I respectfully request that you respond to the following questions:
- 1. Equifax is currently under a consent decree with the Commission for violations of the Fair Credit Reporting Act related to improper handling of consumer information. Does that consent decree provide the Commission with additional remedies in the context of Equifax’s data security practices?
- 2. Given the current inability of consumers to cease doing business with a credit reporting agency which displays an arguably cavalier attitude toward cybersecurity, should the Fair Credit Reporting Act be amended to provide the Commission authority to issue rules requiring credit reporting agencies to establish a way for consumers to “opt out” of having their information stored by a particular credit reporting agency?
- 3. In many cases, Equifax collects and maintains sensitive information about consumers as a service to other businesses. Under state data breach notification statutes, a breached service provider need only inform the business it provides service to about the breaches it suffers, and has no obligation to provide public notice that it incurred the breach. In recent breach incidents involving third-party service providers, some companies (e.g., Heartland, Experian, Anthem, etc.) have provided public notice that their breach affected consumers. Would the FTC support legislation that requires all entities suffering a breach of security that creates a significant risk of financial harm, to make public notice of that breach in order to ensure a more timely and effective form of notice?
- 4. Do you interpret the Fair Credit Reporting Act to include heightened data security standards and/or requirements, given Congress’s unique concern about the “confidentiality, accuracy…and proper utilization” of this highly sensitive data?
- 5. The Commission has suggested that consumers place a credit freeze with the three major credit bureaus. Does the Commission consider a timestamp to be a sufficiently strong PIN for unfreezing a consumer’s account?
- a. Has the Commission issued guidance to credit reporting agencies on adequate security and data protection measures associated with credit freezes?
- b. Should this guidance be updated in light of security concerns with the site Equifax maintains to process credit monitoring and freeze requests?
- 6. Should Congress limit the ability of credit reporting agencies to sell data outside specific contexts, such as credit, banking, and employment inquiries?
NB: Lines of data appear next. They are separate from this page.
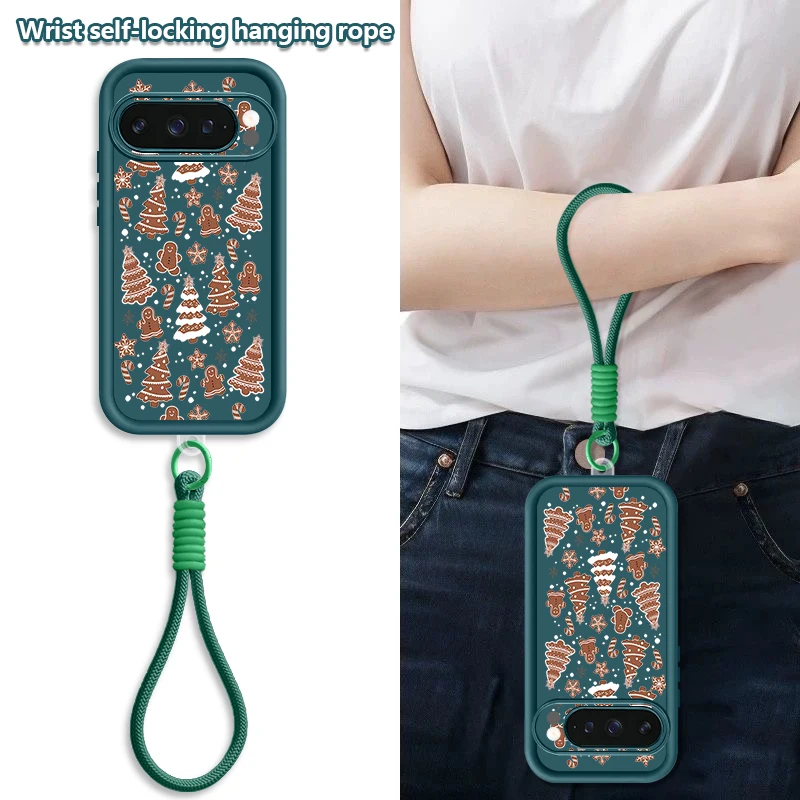 شجرة عيد الميلاد طباعة جراب هاتف لجوجل بكسل 10 9 8 7 برو 8A 7A 9 برو XL للصدمات لينة غطاء الحبل البولي يوريثان ل بكسل 8 7 برو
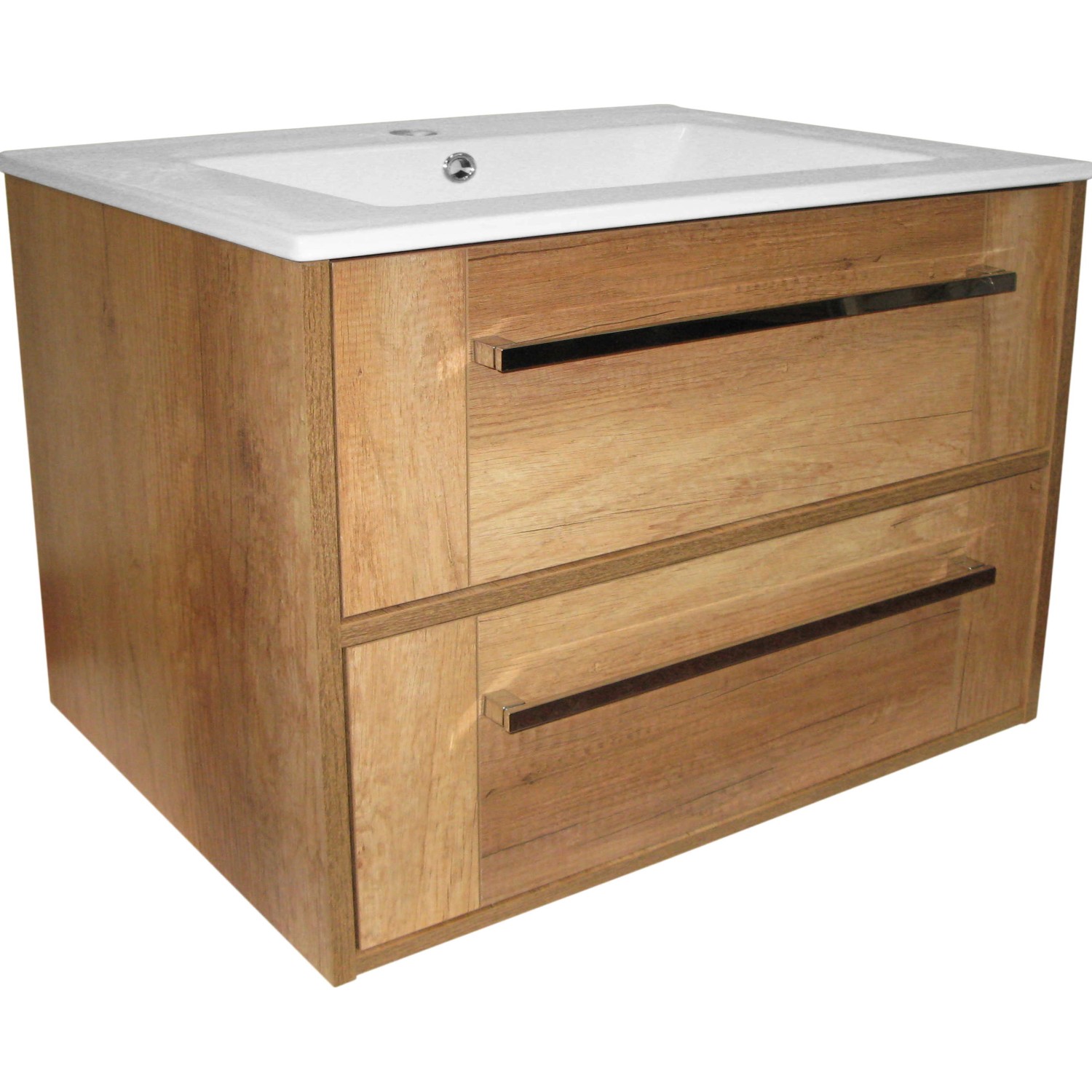 A-Interiéry Koupelnová skříňka s keramickým umyvadlem Valmont 80, dub country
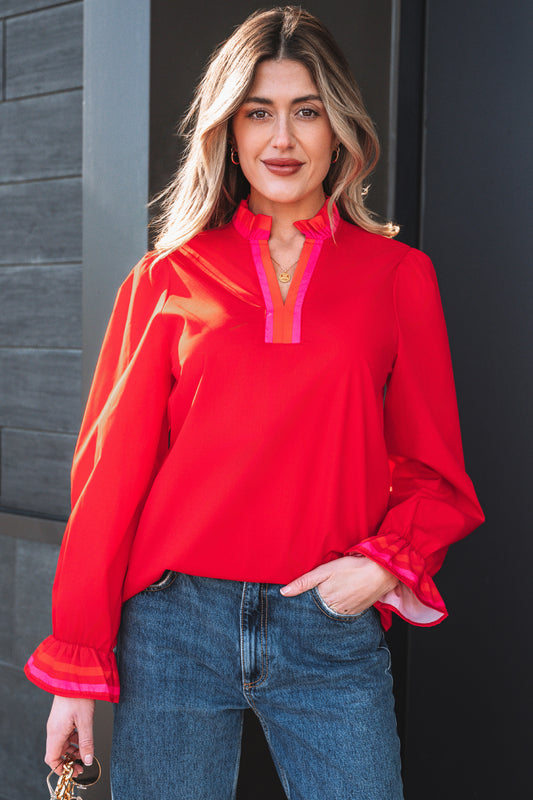 Striped Trim Ruffle Split Neck Long Sleeve Blouse | Red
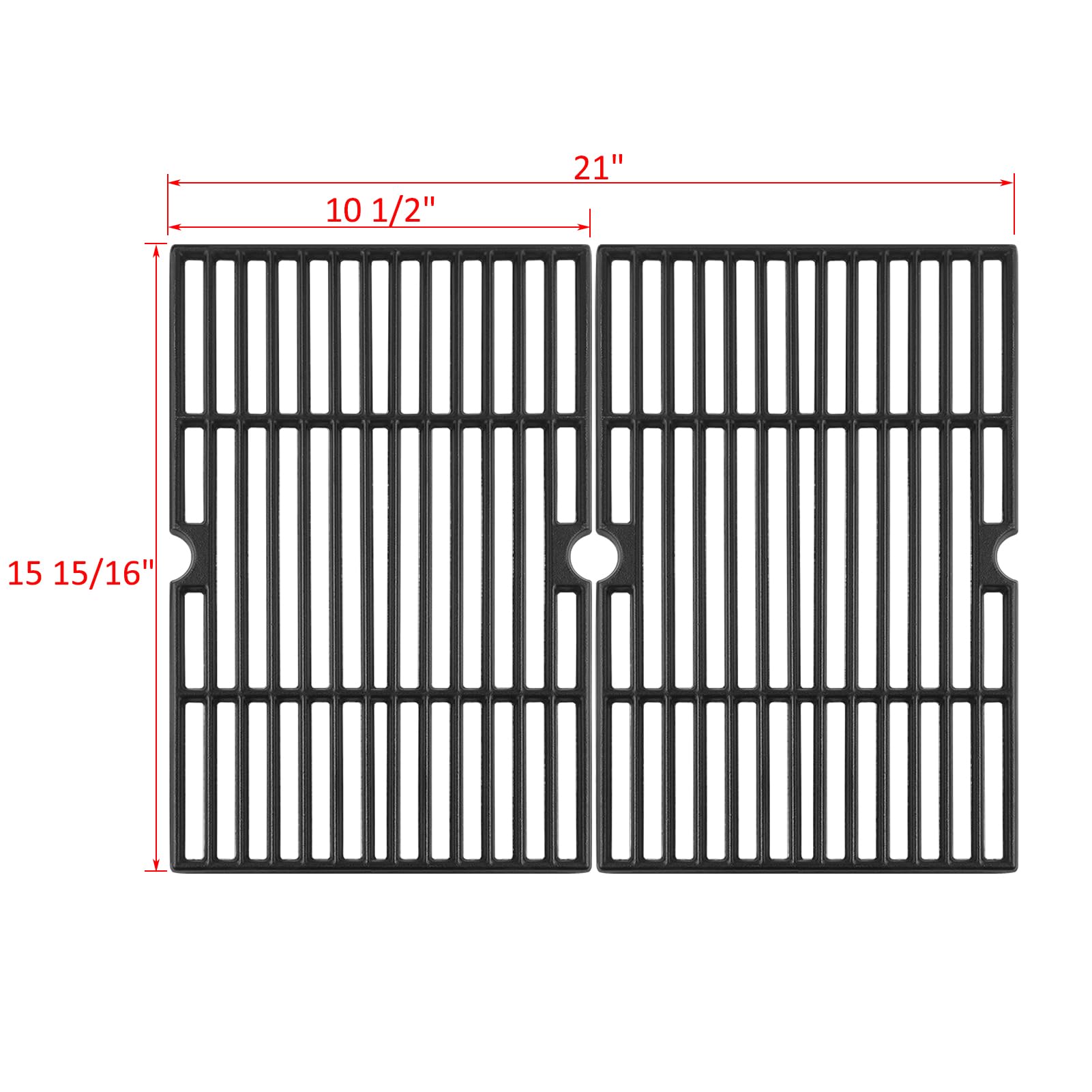 Oklagarden grates next to ruler showing exact dimensions for easy compatibility check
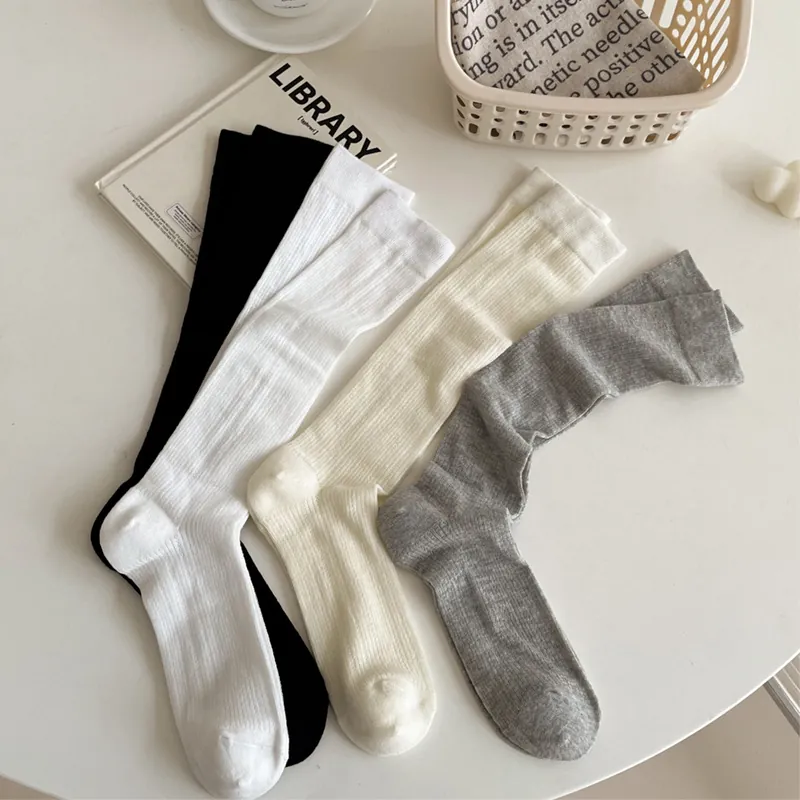Women Cotton Slouch Socks Ribbed Knit Breathable Mesh Mid Calf Solid Color Ballet Style Lightweight Soft Elastic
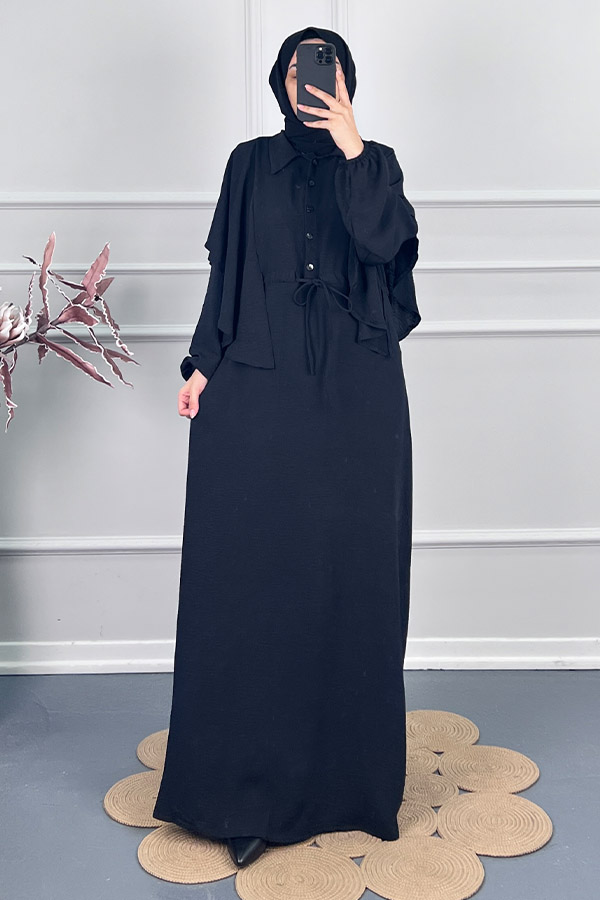 Pelerinli Tesettür Elbise - Siyah
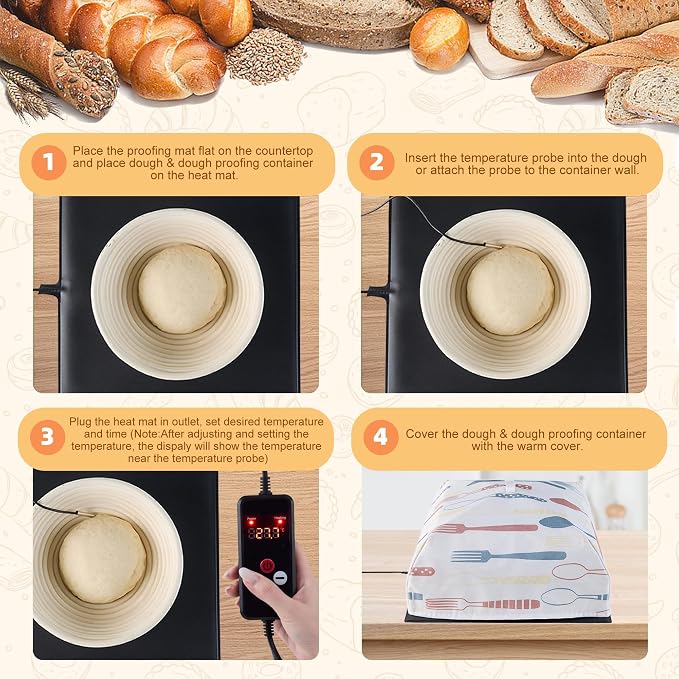 Bread Proofing Mat with Warm Cover, Sourdough Hearting Mat, Sourdough Warming Mats with Thermostat Temperature Control, 13.9" x 13.9" Bread Proofer Dough Warmer for Home Kitchen Baking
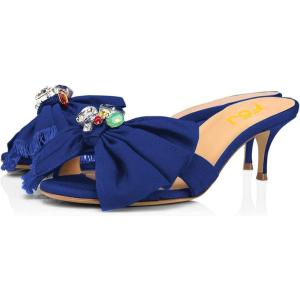 imageFSJ Women Open Toe Kitten Low Heel Sandals Slip on Rhinestone BowKnot Slipper Tassel Formal Outfit Casual Shoe Size 415 USBlue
- 7. Does the Commission hold lapses in data security practices in response to a breach to a higher standard than data security practices related to the breach itself?
- 8. Do adequate incentives to use reasonable data security practices, or penalties to deter unreasonable data security practices, exist to counter-balance the profit incentives to collect, centralize, and maintain large quantities of highly sensitive personal information of American consumers?
The American people deserve to know that their government is serious about learning from and responding to this truly concerning incident, and that it is taking all appropriate steps to help ensure it cannot happen again. Your response will be critical to this process, and I look forward to receiving that within the next two weeks. If you should have any questions or concerns, please contact my office.
As always, I appreciate your service in this important role. Thank you for your timely consideration of this matter.